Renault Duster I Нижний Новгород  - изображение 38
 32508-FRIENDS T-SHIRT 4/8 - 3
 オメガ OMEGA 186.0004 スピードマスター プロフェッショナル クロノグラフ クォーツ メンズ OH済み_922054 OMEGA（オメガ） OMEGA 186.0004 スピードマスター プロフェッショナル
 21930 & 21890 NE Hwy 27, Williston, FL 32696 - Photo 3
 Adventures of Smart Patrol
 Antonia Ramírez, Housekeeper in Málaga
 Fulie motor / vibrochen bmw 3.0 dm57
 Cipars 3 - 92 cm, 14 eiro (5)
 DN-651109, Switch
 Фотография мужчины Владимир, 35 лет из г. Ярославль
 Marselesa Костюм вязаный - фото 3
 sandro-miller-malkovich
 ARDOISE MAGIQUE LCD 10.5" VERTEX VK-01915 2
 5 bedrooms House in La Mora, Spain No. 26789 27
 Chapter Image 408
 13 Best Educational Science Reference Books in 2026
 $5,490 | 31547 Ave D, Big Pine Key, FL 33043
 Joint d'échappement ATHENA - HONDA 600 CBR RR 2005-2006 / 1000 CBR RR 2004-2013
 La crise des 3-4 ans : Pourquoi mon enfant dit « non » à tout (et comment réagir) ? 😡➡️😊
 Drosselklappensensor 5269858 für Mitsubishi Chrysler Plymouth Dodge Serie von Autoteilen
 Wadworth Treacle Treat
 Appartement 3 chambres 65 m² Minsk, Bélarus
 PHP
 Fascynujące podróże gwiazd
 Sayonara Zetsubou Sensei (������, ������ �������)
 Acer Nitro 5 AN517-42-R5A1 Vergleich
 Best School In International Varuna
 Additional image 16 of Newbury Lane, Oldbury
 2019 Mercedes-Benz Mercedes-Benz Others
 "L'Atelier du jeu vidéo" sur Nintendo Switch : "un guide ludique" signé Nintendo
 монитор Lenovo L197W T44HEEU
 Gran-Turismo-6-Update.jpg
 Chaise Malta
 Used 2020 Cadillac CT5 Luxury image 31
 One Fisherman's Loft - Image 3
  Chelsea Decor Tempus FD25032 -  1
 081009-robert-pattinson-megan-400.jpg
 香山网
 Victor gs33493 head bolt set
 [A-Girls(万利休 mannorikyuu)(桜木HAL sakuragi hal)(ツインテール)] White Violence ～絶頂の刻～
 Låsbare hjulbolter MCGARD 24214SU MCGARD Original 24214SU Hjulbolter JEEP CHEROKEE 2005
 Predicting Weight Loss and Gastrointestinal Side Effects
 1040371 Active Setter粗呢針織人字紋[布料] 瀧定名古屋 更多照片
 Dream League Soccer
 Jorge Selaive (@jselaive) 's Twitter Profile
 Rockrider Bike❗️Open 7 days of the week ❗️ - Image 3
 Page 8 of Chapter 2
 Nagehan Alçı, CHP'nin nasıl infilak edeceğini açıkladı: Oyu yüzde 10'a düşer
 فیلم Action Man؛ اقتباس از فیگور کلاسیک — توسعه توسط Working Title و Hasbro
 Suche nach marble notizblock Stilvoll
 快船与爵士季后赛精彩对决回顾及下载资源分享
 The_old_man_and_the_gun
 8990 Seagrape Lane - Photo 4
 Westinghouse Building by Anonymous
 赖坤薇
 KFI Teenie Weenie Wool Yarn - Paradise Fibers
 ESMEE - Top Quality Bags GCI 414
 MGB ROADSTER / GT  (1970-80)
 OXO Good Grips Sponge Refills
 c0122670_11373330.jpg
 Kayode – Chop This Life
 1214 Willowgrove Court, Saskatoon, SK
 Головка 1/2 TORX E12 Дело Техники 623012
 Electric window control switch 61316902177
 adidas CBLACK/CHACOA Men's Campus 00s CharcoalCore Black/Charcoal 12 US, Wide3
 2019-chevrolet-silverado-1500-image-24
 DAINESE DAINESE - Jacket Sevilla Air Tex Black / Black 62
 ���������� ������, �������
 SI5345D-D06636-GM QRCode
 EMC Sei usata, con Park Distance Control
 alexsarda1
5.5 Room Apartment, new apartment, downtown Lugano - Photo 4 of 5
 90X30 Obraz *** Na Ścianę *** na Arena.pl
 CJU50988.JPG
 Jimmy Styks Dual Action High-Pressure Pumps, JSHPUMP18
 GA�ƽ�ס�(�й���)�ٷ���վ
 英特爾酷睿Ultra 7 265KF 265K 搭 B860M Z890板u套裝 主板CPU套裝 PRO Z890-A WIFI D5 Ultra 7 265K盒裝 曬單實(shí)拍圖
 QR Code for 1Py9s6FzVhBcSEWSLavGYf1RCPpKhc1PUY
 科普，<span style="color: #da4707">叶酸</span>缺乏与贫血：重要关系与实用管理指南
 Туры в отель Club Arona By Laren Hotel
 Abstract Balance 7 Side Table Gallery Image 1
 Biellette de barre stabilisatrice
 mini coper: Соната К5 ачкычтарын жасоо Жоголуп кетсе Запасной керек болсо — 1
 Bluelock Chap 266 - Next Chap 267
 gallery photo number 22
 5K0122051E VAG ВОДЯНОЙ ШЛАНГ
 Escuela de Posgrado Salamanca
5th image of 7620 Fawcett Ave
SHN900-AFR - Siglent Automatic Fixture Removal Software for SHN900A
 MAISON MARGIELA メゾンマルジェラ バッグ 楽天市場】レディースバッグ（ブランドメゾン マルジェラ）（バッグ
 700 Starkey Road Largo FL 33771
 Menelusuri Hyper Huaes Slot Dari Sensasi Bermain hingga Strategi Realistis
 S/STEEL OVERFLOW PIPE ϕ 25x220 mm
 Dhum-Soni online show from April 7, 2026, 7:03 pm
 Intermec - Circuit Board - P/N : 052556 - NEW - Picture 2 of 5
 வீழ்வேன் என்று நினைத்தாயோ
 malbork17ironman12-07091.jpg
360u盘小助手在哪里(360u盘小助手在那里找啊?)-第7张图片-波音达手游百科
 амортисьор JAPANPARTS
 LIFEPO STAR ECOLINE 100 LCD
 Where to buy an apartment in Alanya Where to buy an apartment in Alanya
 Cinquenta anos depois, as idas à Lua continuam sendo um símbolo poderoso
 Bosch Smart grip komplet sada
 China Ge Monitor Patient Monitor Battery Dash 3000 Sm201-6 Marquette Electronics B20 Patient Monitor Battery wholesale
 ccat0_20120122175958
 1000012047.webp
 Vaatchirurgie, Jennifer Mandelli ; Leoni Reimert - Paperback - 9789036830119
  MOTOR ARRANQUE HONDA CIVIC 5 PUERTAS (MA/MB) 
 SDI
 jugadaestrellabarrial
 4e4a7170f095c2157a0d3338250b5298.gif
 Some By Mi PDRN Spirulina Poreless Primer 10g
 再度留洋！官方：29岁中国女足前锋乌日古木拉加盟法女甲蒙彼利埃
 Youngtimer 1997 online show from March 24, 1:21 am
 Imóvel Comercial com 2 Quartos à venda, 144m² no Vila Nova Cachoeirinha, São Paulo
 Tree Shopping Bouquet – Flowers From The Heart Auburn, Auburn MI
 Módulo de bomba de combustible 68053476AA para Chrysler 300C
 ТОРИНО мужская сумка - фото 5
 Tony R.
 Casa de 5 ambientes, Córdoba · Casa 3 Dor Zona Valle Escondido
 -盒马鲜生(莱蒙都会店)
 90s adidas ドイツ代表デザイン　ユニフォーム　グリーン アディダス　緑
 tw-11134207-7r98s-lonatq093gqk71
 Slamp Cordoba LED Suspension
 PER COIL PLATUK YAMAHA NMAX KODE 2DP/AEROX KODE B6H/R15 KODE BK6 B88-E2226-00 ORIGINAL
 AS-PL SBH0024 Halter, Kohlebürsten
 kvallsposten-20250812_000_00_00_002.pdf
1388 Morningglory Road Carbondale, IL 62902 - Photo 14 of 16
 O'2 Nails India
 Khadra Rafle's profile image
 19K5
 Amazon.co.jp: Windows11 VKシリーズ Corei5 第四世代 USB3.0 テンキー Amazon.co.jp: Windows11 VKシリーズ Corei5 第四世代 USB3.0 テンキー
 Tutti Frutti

-=-=-

● **ABOUT THIS TASK**:
Above this instruction are the records; retype exactly the lines from the one containing "Key, FL 33043" up to and including the one containing "Låsbare hjulbolter MCGARD".

● **REPLY**:
 $5,490 | 31547 Ave D, Big Pine Key, FL 33043
 Joint d'échappement ATHENA - HONDA 600 CBR RR 2005-2006 / 1000 CBR RR 2004-2013
 La crise des 3-4 ans : Pourquoi mon enfant dit « non » à tout (et comment réagir) ? 😡➡️😊
 Drosselklappensensor 5269858 für Mitsubishi Chrysler Plymouth Dodge Serie von Autoteilen
 Wadworth Treacle Treat
 Appartement 3 chambres 65 m² Minsk, Bélarus
 PHP
 Fascynujące podróże gwiazd
 Sayonara Zetsubou Sensei (������, ������ �������)
 Acer Nitro 5 AN517-42-R5A1 Vergleich
 Best School In International Varuna
 Additional image 16 of Newbury Lane, Oldbury
 2019 Mercedes-Benz Mercedes-Benz Others
 "L'Atelier du jeu vidéo" sur Nintendo Switch : "un guide ludique" signé Nintendo
 монитор Lenovo L197W T44HEEU
 Gran-Turismo-6-Update.jpg
 Chaise Malta
 Used 2020 Cadillac CT5 Luxury image 31
 One Fisherman's Loft - Image 3
  Chelsea Decor Tempus FD25032 -  1
 081009-robert-pattinson-megan-400.jpg
 香山网
 Victor gs33493 head bolt set
 [A-Girls(万利休 mannorikyuu)(桜木HAL sakuragi hal)(ツインテール)] White Violence ～絶頂の刻～
 Låsbare hjulbolter MCGARD 24214SU MCGARD Original 24214SU Hjulbolter JEEP CHEROKEE 2005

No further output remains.